Little can be said for any "innovations", or new tech being the real impetus for the iPhone update this week. The aging iPhone platform is at least 18 month to two years behind other hardware offerings.  Apple should have upgraded it' data speed 12 months ago. And only the cheapest handhelds, still feature 3.5" screens. And none of those the odd squarish aspect ratio Apple originally choose.  Regardless, there are many who have waited for their fair shares of years to see a refresh and many will be excited to dump there old equipment.
I obviously have no cell phone carrier, nor Apple loyalty left in me...
And perhaps excitement for a new, improved, belated update to iPhone's hardware, is better left for aesthetic assertions; as in, .04" thinner-esq ogling; as well as other less-technical anticipations and critiques.  If so, sorry for focusing on some of the more techy restraints and lacking, missed opportunities of the highly anticipated iPhone 5 update.  But I do think it is worth noting why, even this update, will be lacking in so many, typical Apple fashions.

I'm afraid, once again, it will be more about Apple marketing and gifted hype, than anything having to do with a true innovation or significant advances in technology for the industry. (An explanation from a former Apple CEO, as to the real magic of Apple: http://www.bgr.com/2012/09/11/apple-criticism-ipad-iphone-gassee/ )

Avoiding the obvious criticisms of still preventing it's HD, multiple mega pixel shooting public from being able to insert or remove a 64GB micro SDs whenever they choose. And staying away from any goals one would ever have of replacing their battery (either once it's li-Ion naturally bloats, after continued cycles, or) while on a long trip or away from a recharging venue. Let's just talk Connectivity, OS limitations and form factor. (Not in that order.) :-)

Obviously no reason to further "innovate" here. Just huge reasons to "catch up." Resolutions need not be improved, since by Apple's own claim, their ppi (326 pixel per inch, to be exact,) is already at a "retina limitation".  Of course trusting such magical claims and definitions of perceptions or end user limitations, evidently has more to do with marketing BS, than any individual measure an optometrist would offer; pertaining to the varied nature of each individuals visual acuity.  Unfortunately, less the less inspired, but more prudent, judicious nature of conserving the use of excess pixels when their redundancy is useless (such as when watching a 1280x720 HD offering from the iTunes library,) and instead focusing on CPU, GPU and LCD conservations providing for much better battery life.

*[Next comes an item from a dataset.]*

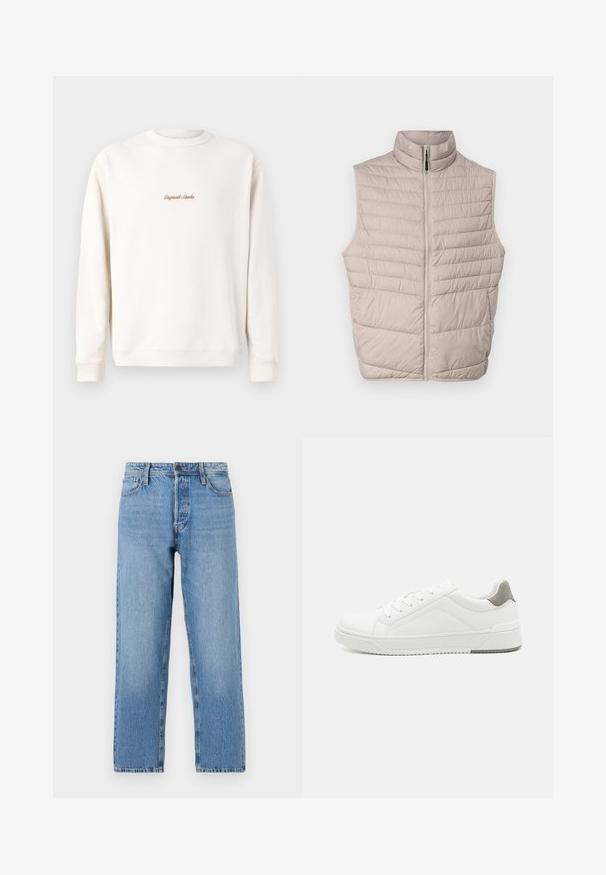Beige gesteppte ärmellose Weste mit hohem Kragen und durchgehendem Reißverschluss. Verfügt über horizontale Nähte und eine glatte Stoffoberfläche.; Cremefarbiges Sweatshirt mit geripptem Rundhalsausschnitt und Bündchen. Auf der Brust befindet sich eine kleine goldene Stickerei "Original Studio". Weicher Stoff.; Hellblaue Jeans aus Denim mit geradem Bein, ausgestattet mit einem Knopf- und Reißverschluss, fünf Taschen und dezentem Ausbleichen.; Weißer Sneaker aus glattem Leder, runde Zehenpartie, minimalistisches Design, graue Fersenkante und strukturierte Gummisohle.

It is nice to think Apple will finally be abandoning the obscure aspect ratio & dismal size of it's current ridiculous screen design.  I think when Apple copied the LG Prada's capacitive touch screen phone & design, (despite the many Sony consultations, advising otherwise,) they should have avoided the temptation to duplicate LG's anemic size and aspect ratio; since it was never befitting to any offerings within the vast Media library Apple enjoys it's users to purchase from. 

(Of course when they introduced the iPhone it had no direct app store connectivity, and it was still sold as a "companion device", to systems still offering less support of HDTV than to DV, despite 2007 being late into HDTV production demands. Who knows what take Apples eye so far off the ball?)

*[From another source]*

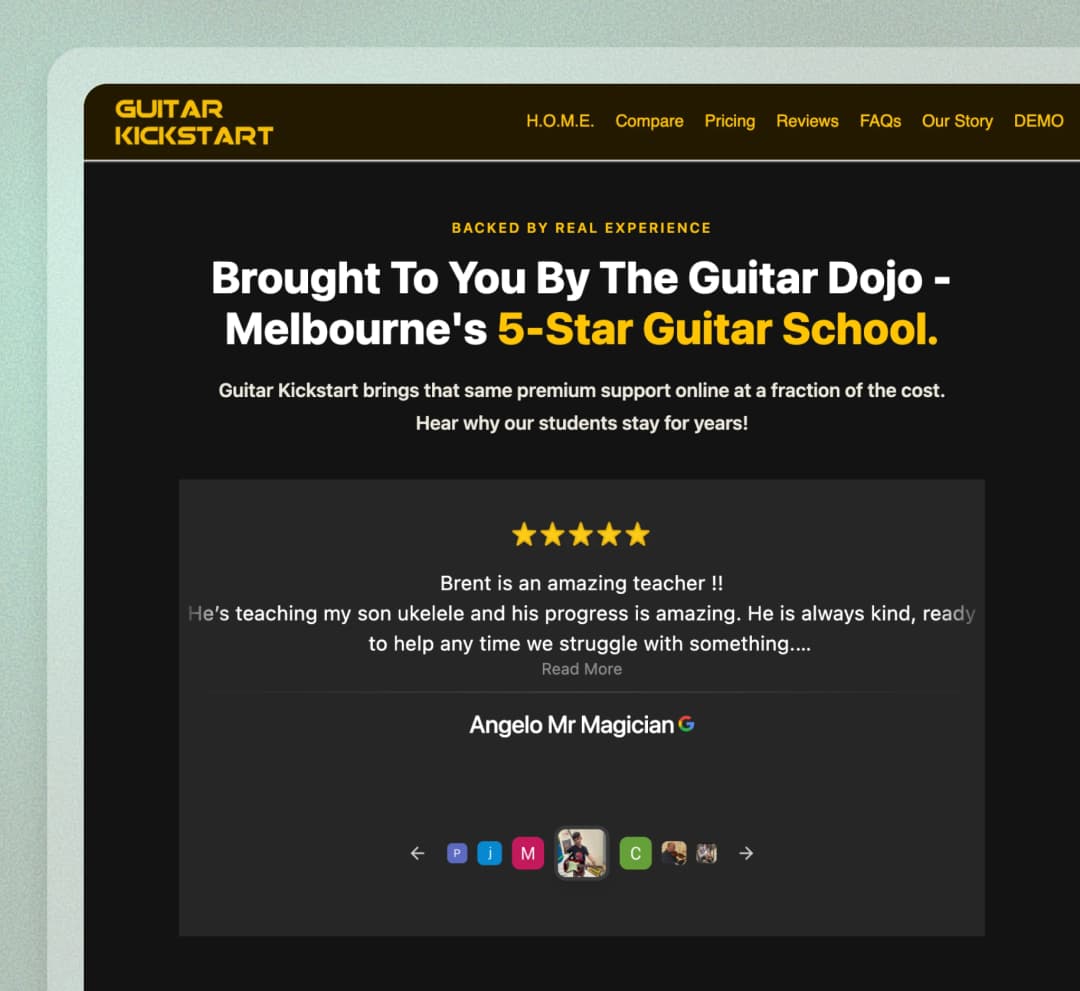 Guitar Kickstart website using Feedspace widgets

However, it is rather shameful to think of all the 10's of 1000's of extremely costly accessories and automotive interfaces, the new "Dock Connector" will render useless without some ridiculous adaptation. Typical of dumping Firewire 800 for Intel's Fiber Channel, or finally ditching Display Port for HDMI. However, you would think by learning that their "innovations" are either very limiting or not worth the publics support, they might have at least chosen to standardized this products main dock connector and the public's opportunity towards an already comprehensive and widely adopted solutions, such as the USB 3.0 Micro B / HDMI capable, hybrid connector.

(Apple does such a great job at repackaging commodity hardware, while insisting on trying to venture out on a limb where related to methods of connectivity to third party peripherals; but such practices are a HUGE disservice to its customers. I know the goal is control and "pigeon hole" folks towards "Apple Only" options, in order to up sale and licencing requirements; but it sure seems like a dated concept!)

I doubt there will be much mention of Apple being no less than a year and a half late, offering any headset based 4G support. Instead I'm sure Apple will spin their desired focus towards issues like finally, officially, functioning (without crippled, stunted data bandwidth,)  on the T-Mobile network as much more than it is. (A new carrier is certainly the best way to increase sales, with a now dated platform,)  This more broadly capable radio can be touted as more than it is given the fact T-mobile opted for the more "international standard" of LTE frequencies; whereas AT&T unfortunately bought into a crippling partnership with Qualcom, thereby limiting it's opportunity to a rather North American standard of LTE "bandwaves", I'll call them. ;-)
(However, it will be interesting to see how apple avoids the inevitable law suits promised from Samsung over this upgrade; given the recent billion Apple garnered from Samsung over the physical shape of their phones. More here on Samsung LTE patents and Apple potential infringement: http://www.zdnet.com/samsung-to-sue-apple-over-4g-lte-in-iphone-5-7000004015/ )

This was an ironic choice between the two major U.S., GSM carriers; given the fact, such compatibilities where related to Voice and HSPA frequencies experienced an opposite favoritism in the past.  AT&T equipment is much more globally compatible (200+ countries) than is T-mobiles, once you leave North America.

But what Apple won't share with you, if they choose to tout "Global or GSM Carrier compatibility", is the fact that their U.S. sold, incredibly subsidized equipment, is NEVER able to reap the typical benefits of international, i.e. GSM freedom or compatibility, when traveling. Due to Apple's unparalleled arrangements with carriers, preventing unlock codes from providing anything more than a placebo effect, when attempting to use overseas SIM chips.  (Hence the reason, NO ONE, can fault Apple's innovations, when it comes to contracts and patent buyouts and the incessant "trolling" that follows!)

I imagine there will be little to no talk about "Mulititasking", since there is little change in opportunities to Apple's redefined version of crippled-tasking, worth mentioning. Will be interesting what they imply any additional cores will do for the sake of new "revolutionary" apps (other than perhaps more Nvidia GPU's, for the sake of better gaming.)

Android running as a VM on top of Linux is hardly a "limitation", given any modern CPUs ability to handle multiple threads of simultaneous instructions. In fact it lends itself incredibly to exploiting modern, multi-core CPU and GPUs.  While maintaining a less current version of the Google OS; which either shipped with your phone, or the version your provider chose to OTA upgrade; is much less of a hassle or disappointment than completely disabling the bizarre imitation of "multitasking" Apple devised; when using one of their 1st or 2nd gen devices.

As far as choosing between "crippled" or limited, mobile OS experience, Apple has gone above and beyond in their contrived implementation of iOS.  It is VERY ironic, given the impressive UNIXesq background, the infusion of BeOS offered OSX when that transition was made after reinstating Steve Jobs. Apparently his "vision" of the future of mobile CPU's just wasn't as astute. Perhaps understandable since, as he put it, "they are not a hardware company."